Pourtant fantasque et coloré, son travail pourrait faire écho à celui de Monique Jacot, photographe née en 1934 à Neuchâtel. Connue pour «Femmes de la terre» ou «Cadences - L'usine au féminin», ses photoreportages, tout comme ses nombreux portraits sensibles, défendent élégamment–et lucidement– la cause des femmes en documentant leurs conditions de vie et de travail à la campagne et dans les usines.
Des femmes, il en est également question dans le travail de fond qu’opère Iren Stehli sur la République Tchèque. Une, surtout, Libuna, femme rom qui vit à Prague, qu’elle a suivi durant de nombreuses décennies.

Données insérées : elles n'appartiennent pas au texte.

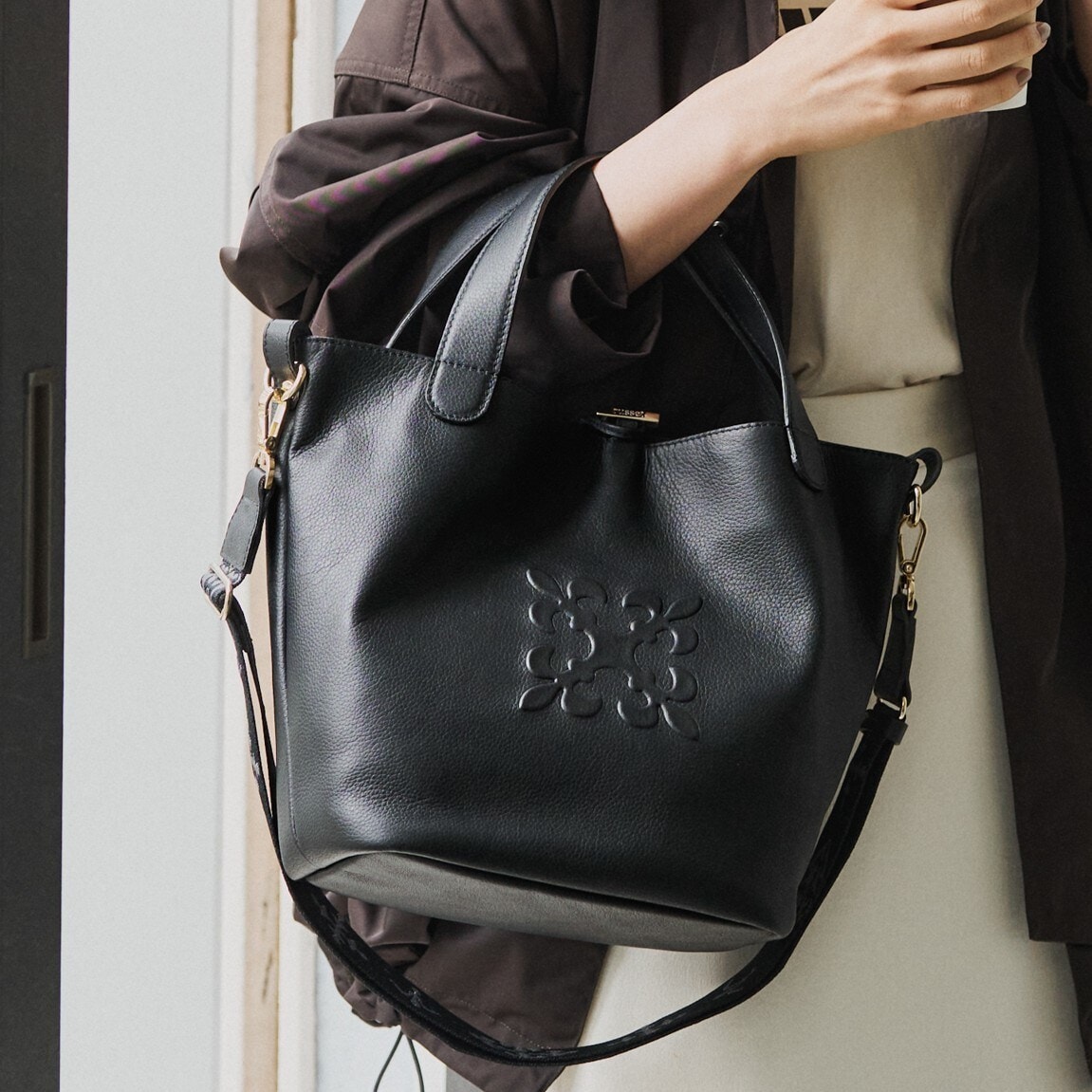 レザー2WAYミニボストンバッグ(CE-1567) | ラシット(russet) | マルイ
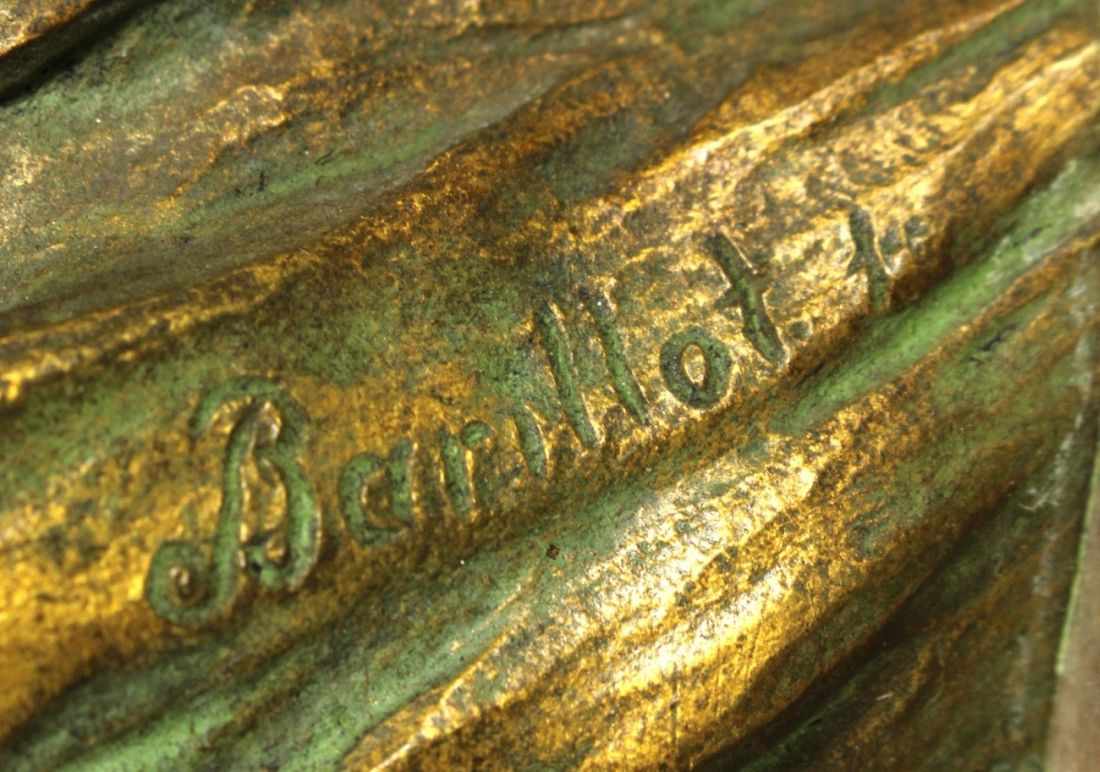 Bronze-Plastik, "Rattenfänger von Hameln", Barillot, Eugene, französischer Bildhauer 1841 - 1900, - Image 3 of 3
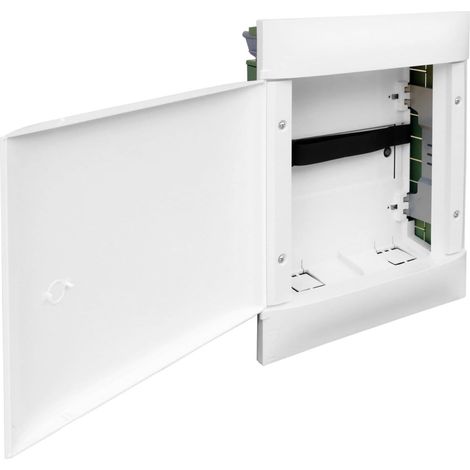 LEGRAND, PRACTIBOX S MULTIMEDIA 135722 SÉPARATEUR MURAL CREUX UP AVEC PORTE, 2 X 12 MODULES, 4 X 2 MODULES POUR PRISES DE DONNÉE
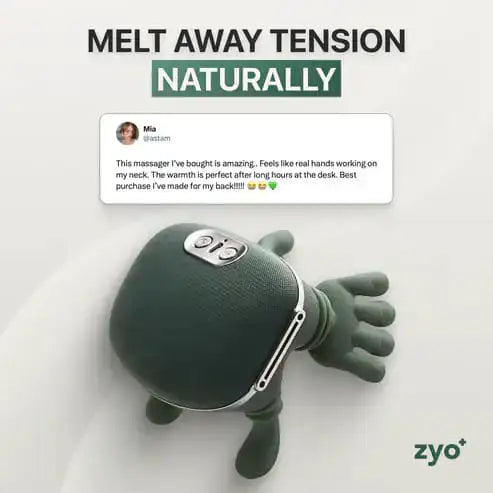 Smart 4D Neck &amp; Back Massager – Deep Tissue Pain Relief &amp; Relaxation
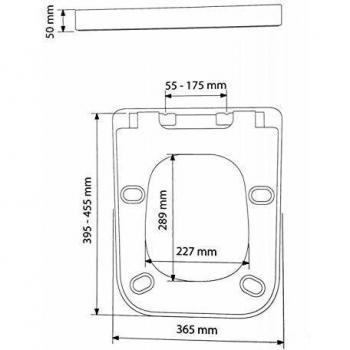 Asiento Inodoro Cuadrado Thermodur Modelo Quadri Blanco
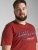 Jack & Jones JJELOGO TEE Red - Тениски - мъжки тениски големи размери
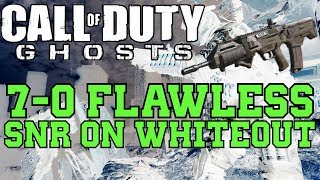Call of Duty: Ghosts - 7-0 FLAWLESS Search and Rescue on Whiteout (MSBS Silencer/Red Dot)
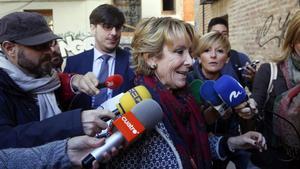 La portavoz del PP en el Ayuntamiento de Madrid, Esperanza Aguirre.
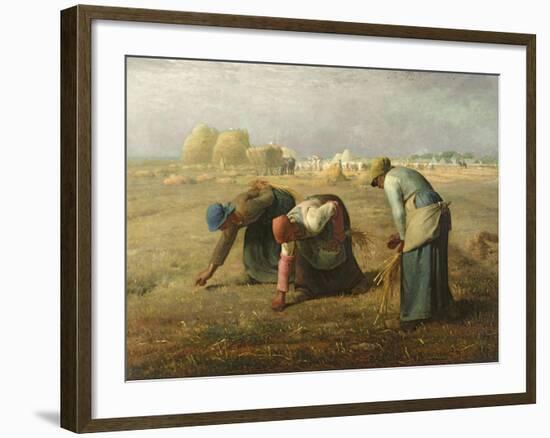 The Gleaners, 1857-Jean-François Millet-Framed Giclee Print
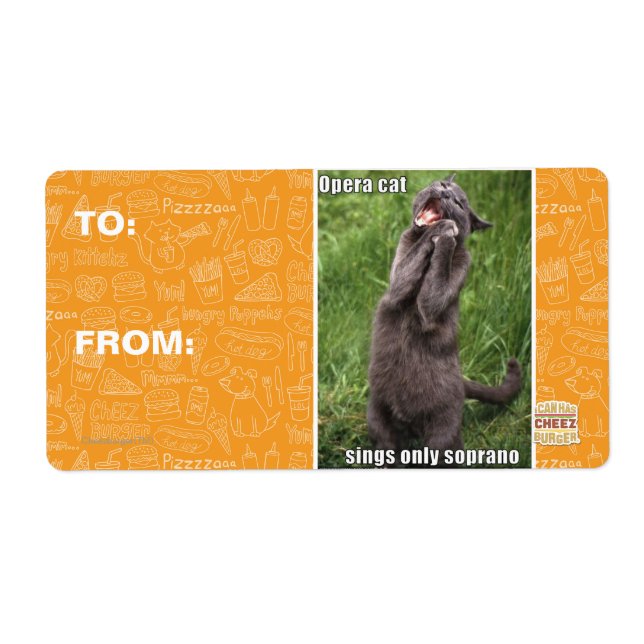 Etiqueta Opera Cat (Frente)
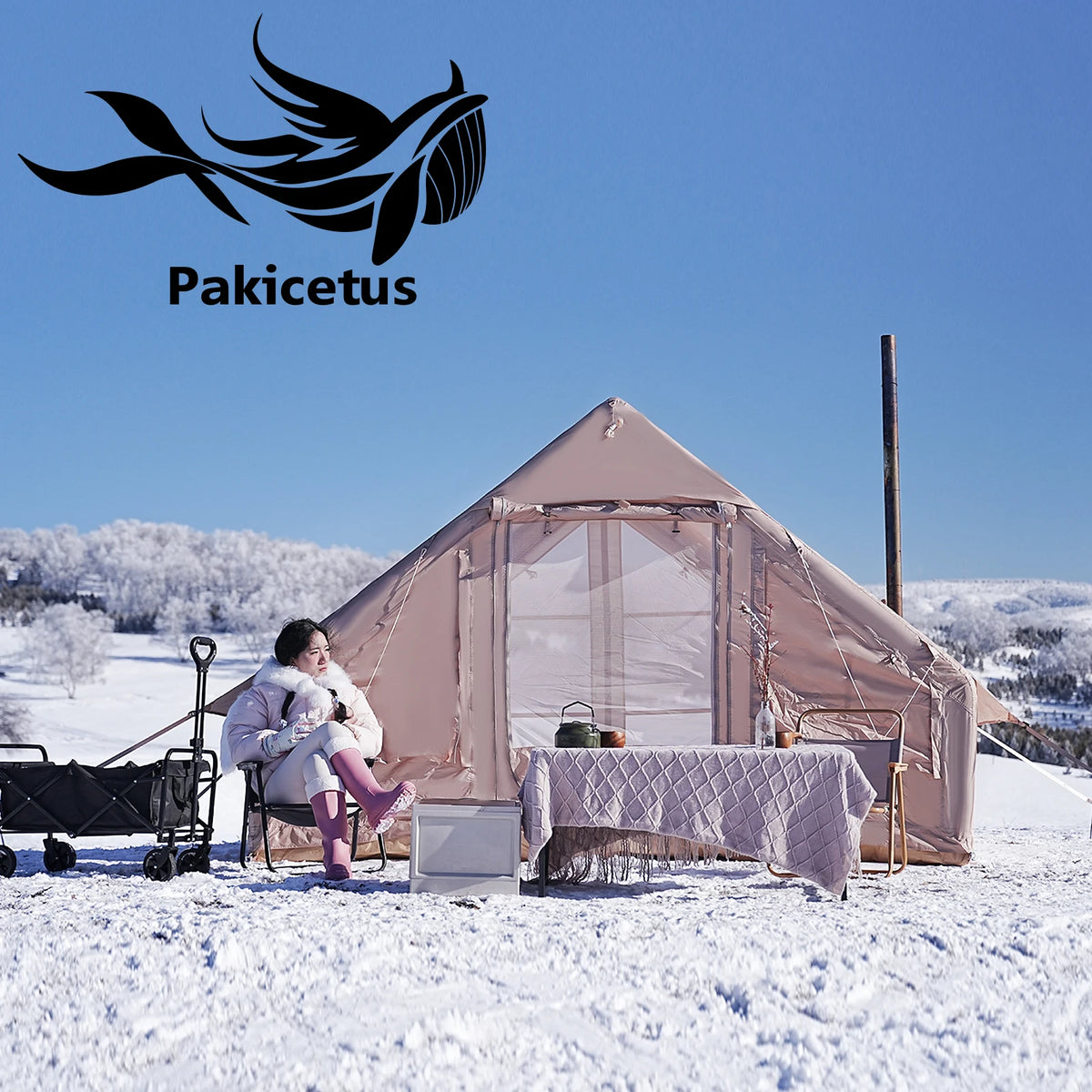 Pakicetus Inflatable Skylight Tent 4-6 Person Outdoor Family
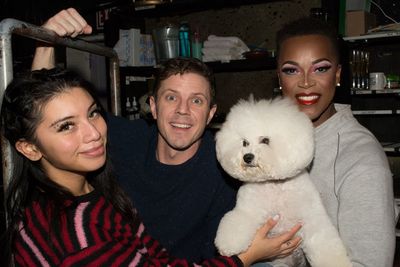 Kirstin Maldonado, Jake Shears and J. Harrison Ghee and Flynn. Photo by Dean Jones. Photo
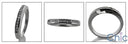 Wedding .15 TCW Round Pave Cubic Zirconia CZ Band 
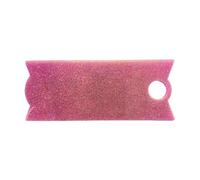 Name Tag for Water Bottle - Glass Name Plate, Personalised STAN-LEY Cup Name Plate, Glitter Acrylic Accessories Charm for Glasses, Topper Plates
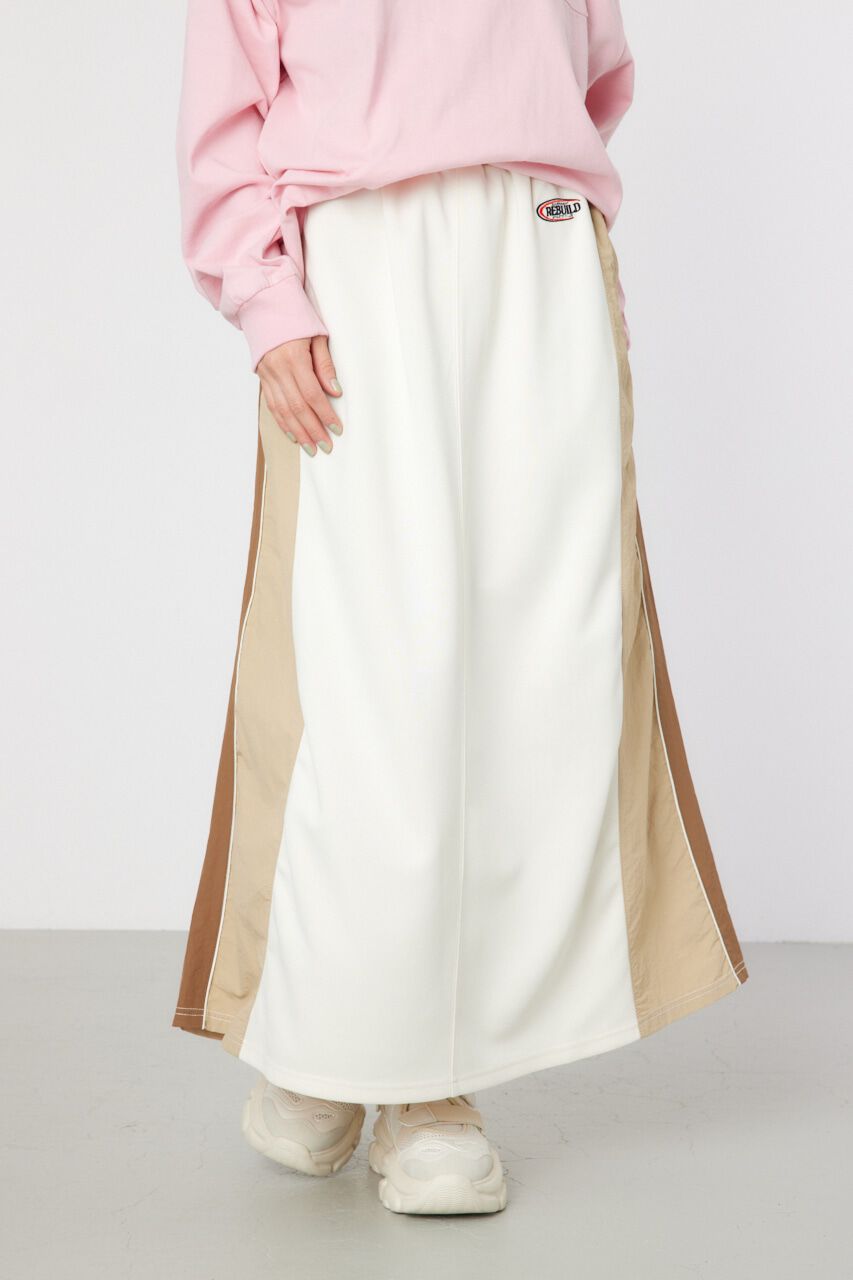 RODEO CROWNS「ナイロン&times;ジャージスカート」|スカート|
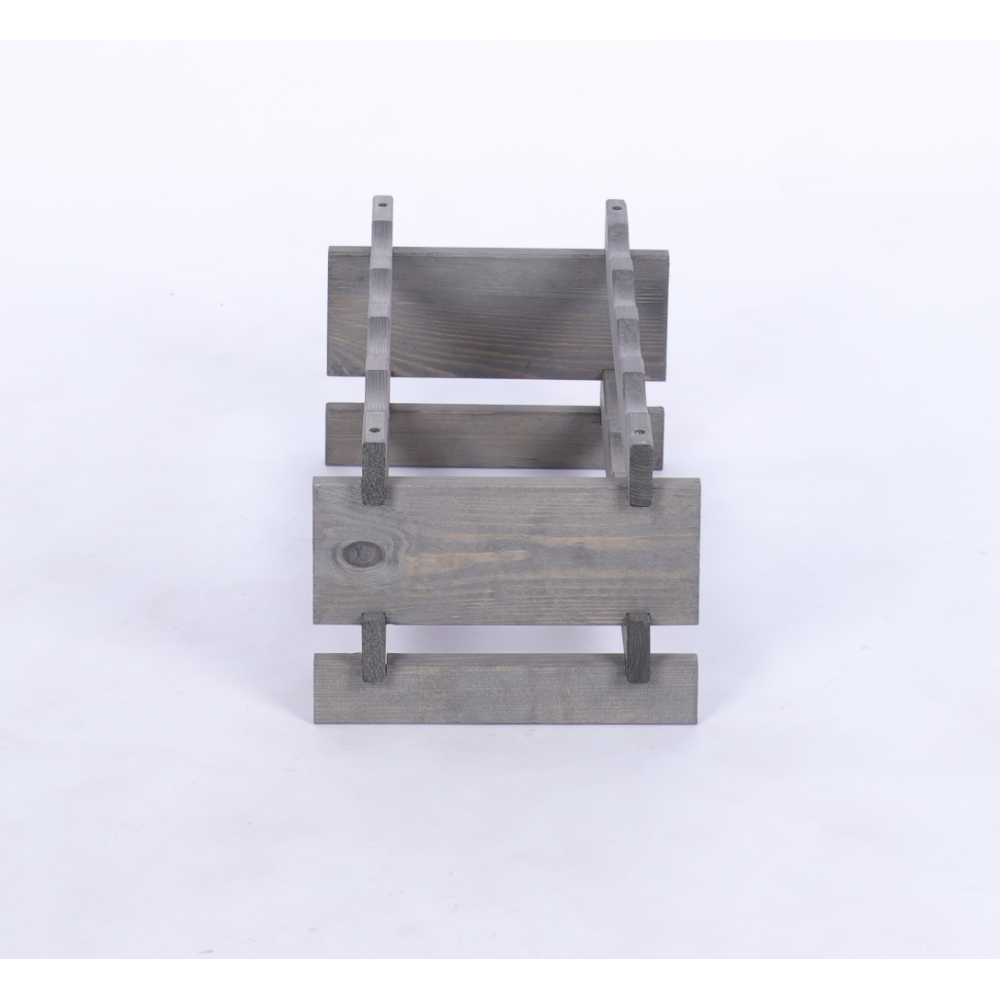 Stojak na wino regał modułowy na butelki 2x4 but WĄSKI ECO BEZ NARZĘDZI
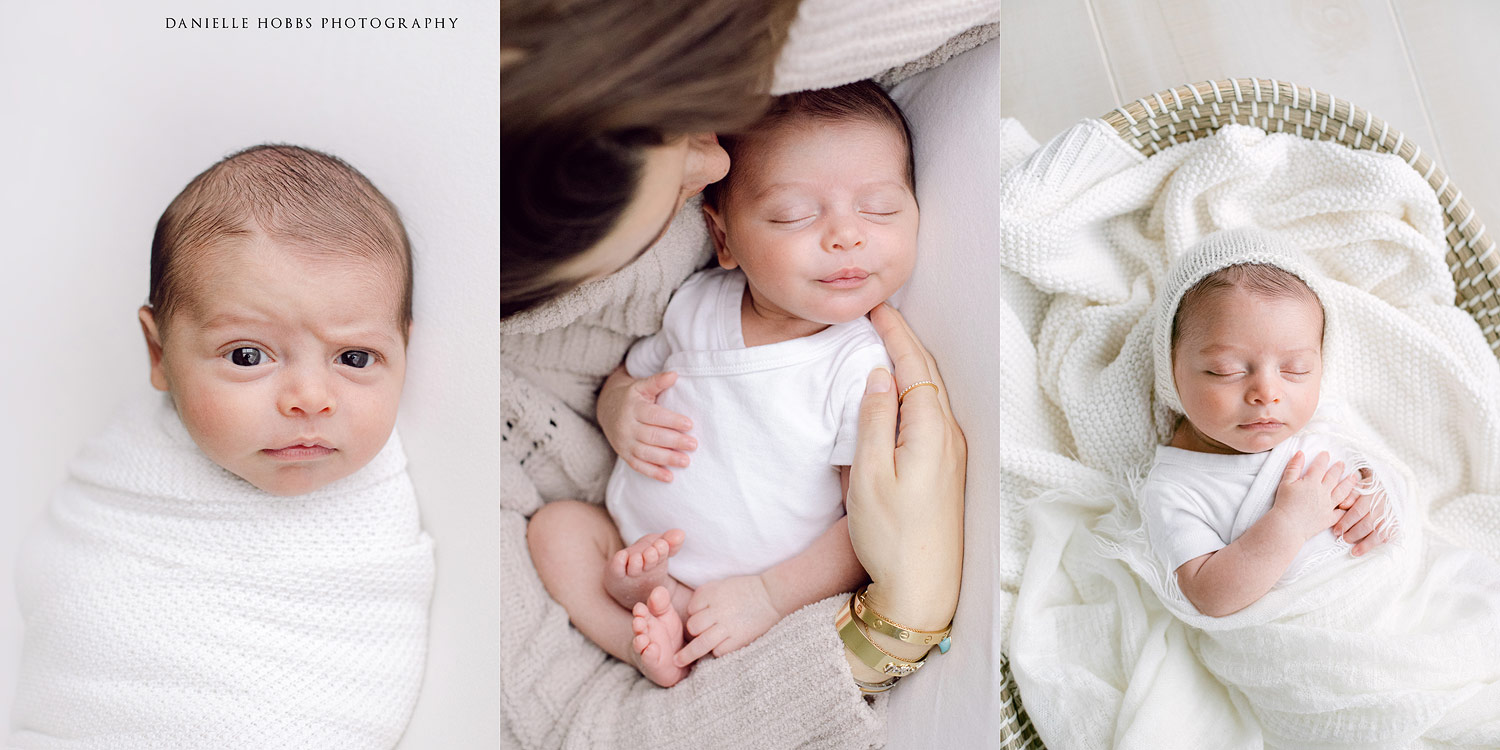 simple newborn pictures in studio best washington dc newborn photographer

La photographe zurichoise documente sans nostalgie, le plus souvent au jour le jour, un pays passant d’un régime politique à un autre.
Ils ont photographié les plus grands
Le nom de René Burri est sur toutes les lèvres des amoureux de la grande photographie. Celui de Ernst Scheidegger, qui nous a quitté cet hiver, l’est sans doute moins. Et pourtant: celui qui fut l’un des premiers collaborateurs de la mythique agence Magnum mais également fondateur de sa propre maison d’édition et galerie d’art, a côtoyé Alberto Giacometti, photographiant sa vie et son œuvre depuis leur rencontre à l’école militaire en 1943 et ce jusqu’à la mort du grand peintre tessinois en 1966.
Si le portrait d’Ernesto ”Che” Guevara, cigare au coin de la bouche, tiré par René Burri, est mondialement connu, que dire de ceux réalisés par Luc Chessex, qui vécut 14 ans à Cuba dans les années 1960-1970? Travaillant pour le ministère de la culture, il photographie le «Líder Máximo» Fidel Castro et le Che, ne manquant pas de témoigner des représentations qu’ont générées ces figures charismatiques de la révolution cubaine. De retour en Suisse, le photographe lausannois mit tout son talent au service de causes humanitaires, dont celle du Comité international de la Croix-Rouge, et traita plus récemment de la multiculturalité de manière brillante.
René Burri, venons-y, enfin : celui dont on dit qu’il a immortalisé tous les bouleversements historiques du siècle dernier a brûlé les étapes très jeune, ouvrant son tableau de chasse des célébrités (qui comprend Picasso ou Le Corbusier) du haut de ses 13 ans, se servant de l’appareil de son père pour capter le furtif passage en voiture de Winston Churchill à Zurich. Créée en 2013, sa propre fondation lui a permis de léguer un fond de 30 000 images au Musée de l’Elysée juste avant qu’il ne disparaisse des suites d’une longue maladie. On n’a pas fini de prendre la mesure de l’héritage laissé par cette star de la photographie. Intemporel.